Tehran ‘could have nuclear bomb in six months’: former IAEA director
A former IAEA deputy director says the country could have nuclear weapons ready by April and the missiles fired at Israel could be used to deliver them.
Iran could be six months away from having ten nuclear warheads ready to fire, an official observer who has visited the regime’s sites has reported.
Olli Heinonen, a former deputy director of the International Atomic Energy Agency (IAEA) who oversaw its efforts to contain Iran’s nuclear program, said the country could have the arsenal ready by April if it “rushed”.
The Finnish adviser said: “You cannot wipe out a country with those missiles but you can threaten it and be in a stronger position in negotiations.”
Officially, Iran claims that its nuclear program is for civilian purposes but Israel and many in the West see it as a front for weapons development.
An IAEA report in August said Iran had increased its stockpile of uranium enriched to 60 per cent to almost 165kg, 20kg more than the UN’s nuclear watchdog reported in May.
Enrichment of about 90 per cent is required for a bomb. Binyamin Netanyahu, the prime minister of Israel, has long warned that Iran could achieve that in a few months.
Heinonen, a fellow at the Stimson Centre in Washington DC, who has held many meetings with the regime’s nuclear officials, said the missiles fired at Israel on Tuesday night could be used to deliver nuclear weapons.
“You just put something different where the payload is and design the weapons package differently so it survives the flight,” he said. “That is why the US and UK are worried.”
He warned that officials in Iran had signalled that they had changed their defence doctrine to suggest the weapons could be used “if we don’t get what we want”.
Heinonen said the Iranians would be taking a “tremendous risk” by using nuclear weapons.
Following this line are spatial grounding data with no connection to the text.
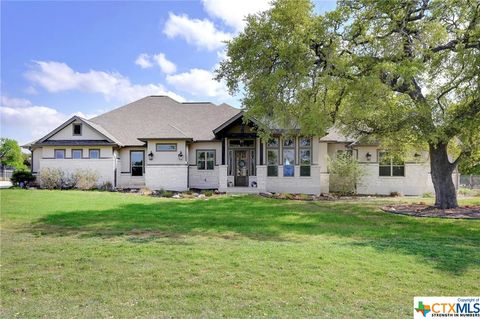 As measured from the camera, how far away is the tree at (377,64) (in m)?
13.5

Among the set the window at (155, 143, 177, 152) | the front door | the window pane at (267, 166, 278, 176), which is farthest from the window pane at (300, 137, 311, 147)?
the window at (155, 143, 177, 152)

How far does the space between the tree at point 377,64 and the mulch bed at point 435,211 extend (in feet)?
2.51

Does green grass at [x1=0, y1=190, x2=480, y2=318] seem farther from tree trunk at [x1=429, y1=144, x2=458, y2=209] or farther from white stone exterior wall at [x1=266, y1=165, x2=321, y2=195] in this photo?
white stone exterior wall at [x1=266, y1=165, x2=321, y2=195]

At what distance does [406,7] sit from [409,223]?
8.71 meters

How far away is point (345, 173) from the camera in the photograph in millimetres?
22891

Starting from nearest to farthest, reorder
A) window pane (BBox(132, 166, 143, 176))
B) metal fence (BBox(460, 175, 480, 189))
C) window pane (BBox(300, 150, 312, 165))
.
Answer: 1. window pane (BBox(300, 150, 312, 165))
2. window pane (BBox(132, 166, 143, 176))
3. metal fence (BBox(460, 175, 480, 189))

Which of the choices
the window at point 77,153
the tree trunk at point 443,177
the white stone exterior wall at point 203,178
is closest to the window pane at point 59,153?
the window at point 77,153

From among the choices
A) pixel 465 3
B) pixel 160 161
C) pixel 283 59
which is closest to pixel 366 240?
pixel 283 59

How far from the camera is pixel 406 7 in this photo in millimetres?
13938

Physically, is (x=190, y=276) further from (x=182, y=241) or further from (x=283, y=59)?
(x=283, y=59)

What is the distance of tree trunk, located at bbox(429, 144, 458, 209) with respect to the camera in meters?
15.9

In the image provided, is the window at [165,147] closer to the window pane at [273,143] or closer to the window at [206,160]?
the window at [206,160]

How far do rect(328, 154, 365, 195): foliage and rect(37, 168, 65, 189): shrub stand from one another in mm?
18920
They were more likely to use them as a “bargaining chip”. He added: “The US president will have to think that there is even a small possibility those weapons are used and they have to be prepared for that.”
President Biden has said he would not support an Israeli attack on Iran’s nuclear sites. He is the only one likely to have any sway over what Netanyahu does next. The US has already failed to persuade Israel – to which it gives billions of pounds for its defences – not to go into Rafah in Gaza owing to the risk of civilian casualties and not to invade Lebanon, which it did this week.
Any move by Iran to achieve a nuclear bomb risks being detected. Israeli hawks could urge Netanyahu to strike as Israel did previously in Iraq and Syria by bombing their nuclear facilities.
Analysts say hitting Iran’s enrichment facilities in mountainous regions of Natanz and Fordow could be “challenging” and have limited results.
After the first Iranian confrontation with Israel in April – when a symbolic strike was made on a radar tower at an airfield in Isfahan – a senior Revolutionary Guards commander said the country should revise its nuclear ambitions. A previous agreement to relax sanctions if Tehran reduced its stockpile of enriched uranium was ripped up by President Trump in 2018, effectively allowing enrichment to accelerate.
President Pezeshkian, of Iran, is believed to regard the growing stockpile as a bargaining chip for a new nuclear deal to ease the burden of sanctions.
But the threat to Hezbollah and Hamas posed by Israel’s military campaign may bolster the hawks in Tehran.
Hamidreza Azizi, an Iran expert, said the collapse of Hezbollah posed a threat. He added: “To compensate for that they’ve been speaking about an alternative, or another layer of deterrence, which could be nuclear.”